Data for the task:

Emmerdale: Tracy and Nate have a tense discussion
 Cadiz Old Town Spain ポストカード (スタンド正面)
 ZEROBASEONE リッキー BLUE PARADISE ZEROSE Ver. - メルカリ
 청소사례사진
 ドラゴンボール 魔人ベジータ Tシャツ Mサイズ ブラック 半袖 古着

What the exercise asks:
All the entries should be written out again precisely.

Completed task:
Emmerdale: Tracy and Nate have a tense discussion
 Cadiz Old Town Spain ポストカード (スタンド正面)
 ZEROBASEONE リッキー BLUE PARADISE ZEROSE Ver. - メルカリ
 청소사례사진
 ドラゴンボール 魔人ベジータ Tシャツ Mサイズ ブラック 半袖 古着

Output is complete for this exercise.